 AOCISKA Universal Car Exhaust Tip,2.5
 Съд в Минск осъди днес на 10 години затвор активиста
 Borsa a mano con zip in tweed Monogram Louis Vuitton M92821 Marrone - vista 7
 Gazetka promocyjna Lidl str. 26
- - -
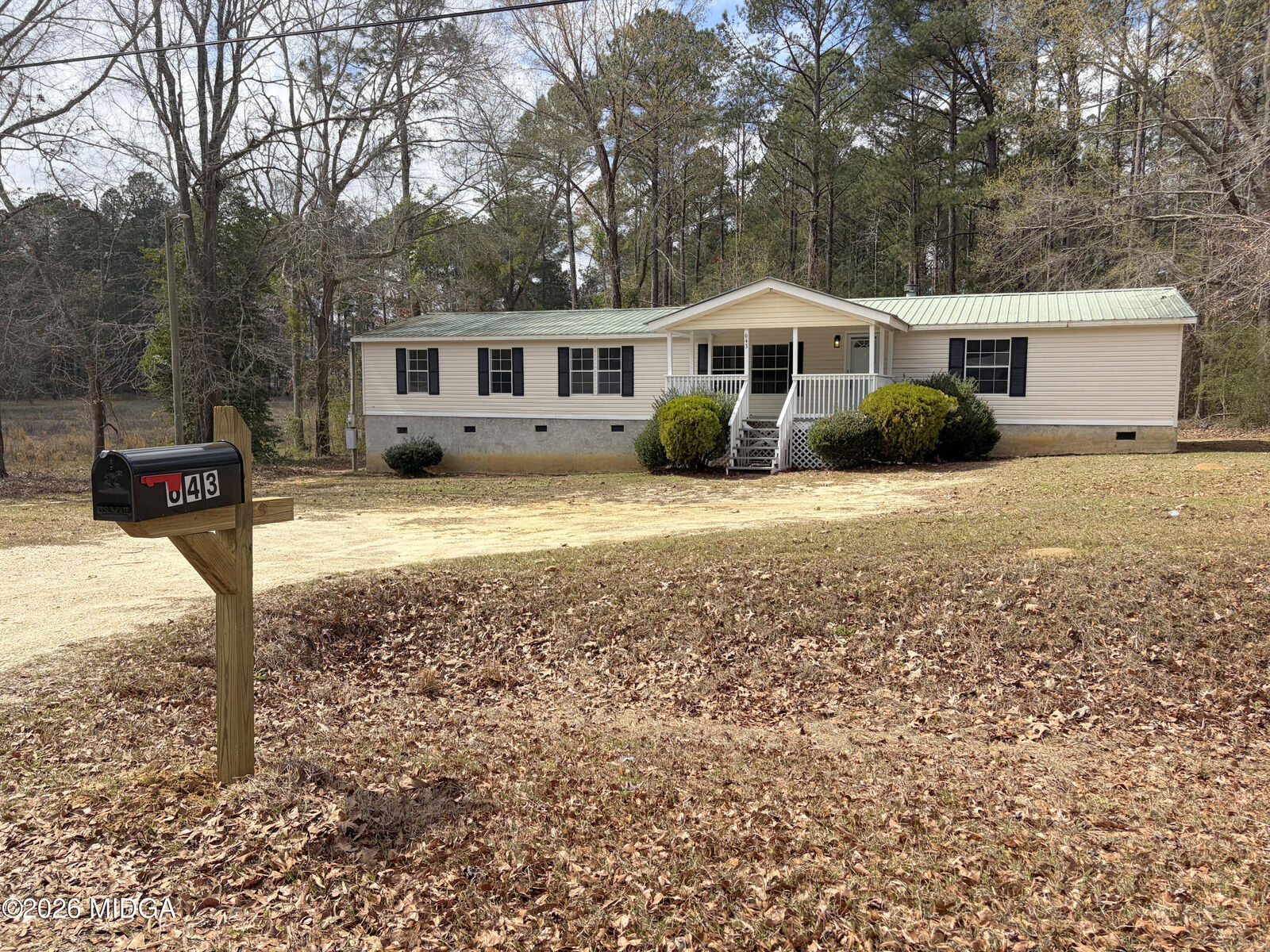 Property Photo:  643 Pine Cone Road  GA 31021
- - -
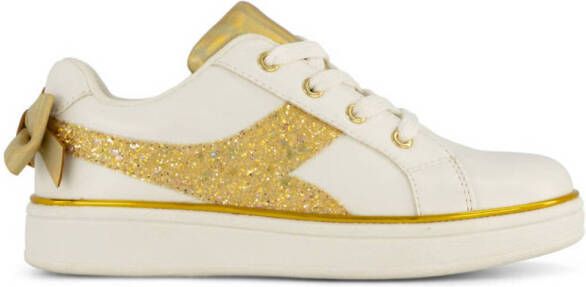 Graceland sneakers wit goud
- - -
• **What is being asked**
When you reach the line with "AOCISKA Universal Car Exhaust Tip,2.5" in the records above, start writing out lines exactly, and stop once the line with "Gazetka promocyjna Lidl str. 26" has been written; include nothing else.

• **Written answer**
 AOCISKA Universal Car Exhaust Tip,2.5
 Съд в Минск осъди днес на 10 години затвор активиста
 Borsa a mano con zip in tweed Monogram Louis Vuitton M92821 Marrone - vista 7
 Gazetka promocyjna Lidl str. 26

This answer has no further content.